John Key’s promising new capital spending projects left, right, and centre that would be funded by asset sales. But, with the European debt crisis spreading, the odds of getting $5-$7 billion for slices of our energy companies and Air NZ are worsening. So what’s the plan when they need more money for Key’s promises? What do you think?
That’s right, sell more assets.
Partial privatisation of the big SOEs would be just the first stage, a stop-gap to avoid a small amount of extra debt (Labour’s net debt track peaks at $52 billion compared to National’s at $48 billion) while maintaining funding for new capital spending. Once that money is gone, which could be much sooner than expected if the sales revenue is smaller than forecast, then they would have to sell the other half of those companies, or Kiwibank, or the remaining small beer SOEs.
Key admitted as much yesterday saying that more could be on the block if the first round were to ‘go well‘.
This just reflects what a fundamentally short-term policy asset sales is.
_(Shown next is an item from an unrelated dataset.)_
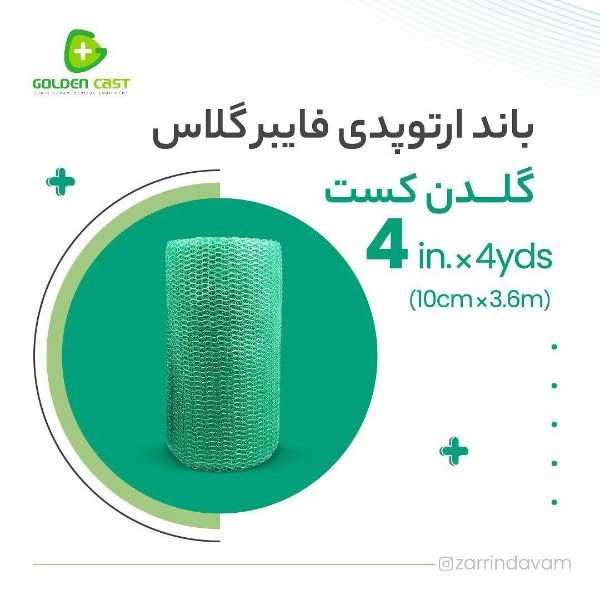 باند فایبرگلاس 4 اینچ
We would lose the dividend stream for a one-off revenue hit, and when that hit is used up they would go in search of more to sell.
Good on Phil Goff for saying his first action in government would be to stop the sales process, which National has already begun without a mandate.
What we need are the sustainable plans presented by the Greens and Labour – getting the revenue for capital investment from capital gains tax and SOE dividends, not flogging off our most valuable assets.